Frente a un mundo globalizado, corto en distancias y mínimo en diferencias, en España nos hemos permitido el retorno a un estadío poco menos que medieval en el que lo folclórico e identitario impone su ley
La crisis económica ha puesto al descubierto la insostenibilidad de la organización autonómica del Estado español, al menos en las condiciones actuales.
No será posible una reducción del déficit público, ni una renovación de las bases del crecimiento económico, si las administraciones regionales siguen considerándose exentas, en todo o en parte, del compromiso de austeridad que requiere la situación.
También es cierto que no se puede poner a todos los gobiernos autonómicos al mismo nivel, porque los hay que están consiguiendo mantener la economía y el empleo en tasas mejores que la media.
Otros siguen anclados en el discurso victimista de hace treinta años para justificar su inoperancia. Pero el derroche autonómico es efecto y no causa de los vicios del sistema.
La autonomía nunca debió ser entendida como un drenaje del Estado central para satisfacer pruritos localistas. Debía ser, según su fundamentación constitucional, una forma de descentralizar competencias que hasta entonces residían en las instituciones nacionales, con precisiones singulares de la Constitución a los derechos históricos de los territorios forales.
Sin embargo, entre el abuso del «hecho diferencial» y la excitación del folclore regionalista, el principio de organización autonómica ha degenerado en un Estado central residual, contra el que compiten entidades que, desde su interior, han asumido el papel de microestados.
Es indudable el beneficio de la descentralización de las administraciones para el ciudadano, pero para obtenerlo no había que transformar la autonomía en coartada para el derroche en medios públicos, la duplicación de competencias o el tejido de redes clientelares.
En muchos aspectos del Estado autonómico se ha ido más lejos del modelo federal, que, por serlo, dota a las instituciones centrales de poderes de armonización y legislación básica más fuertes que los que tienen a su disposición el Gobierno y Parlamento españoles.

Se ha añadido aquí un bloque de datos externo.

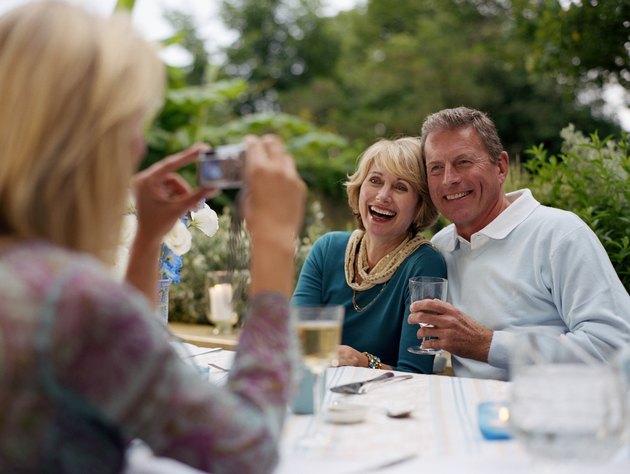 Woman taking photograph of couple at lunch table outdoors, smiling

Como subraya Manuel Martín Ferrand en ABC –En el país de las maravillas– la Transición, el insólito y benemérito salto de la dictadura a la democracia, ha generado muchas y profundas transformaciones en España; pero la mayor de todas ellas es, sin duda, la que podemos agrupar en el Título VIII de la Constitución vigente:
«La España Autonómica, algo que sustentado en un pragmático afán descentralizador, de signo contrario al centralismo autoritario de Francisco Franco, ha desembocado en un quimérico puzle -una Nación de naciones- que, independientemente de cualquier valoración política, constituye un lujo administrativo que no nos podemos permitir».
El gasto de las Administraciones territoriales (35,6% las Autonomías y 29,9% los Ayuntamientos) supone el 49,2 por ciento de los gastos totales del Estado.
- De los 800.000 funcionarios que, redondeando, atendían las instituciones del Estado en el momento de la aprobación de la Ley para la Reforma Política, hemos pasado a casi 3,5 millones.
- La deuda de las televisiones autonómicas alcanza los 1.500 millones de euros, la misma cantidad que el coste total de RTVE en el presente ejercicio. A eso habría que añadir el capítulo las televisiones y radios municipales, que existen aunque no están censadas.
Desde luego, nada ha sucedido por un decurso fatal de los acontecimientos, sino por políticas muy concretas que han tratado el poder autonómico como una mercancía de reparto, engordándolo hasta poner al Estado al borde su inviabilidad, como se ha visto en la sentencia del Tribunal Constitucional sobre el Estatuto catalán.
Pero ya no es hora de más jueces, sino de políticos que asuman que hay que cambiar sustancialmente las bases del Estado autonómico.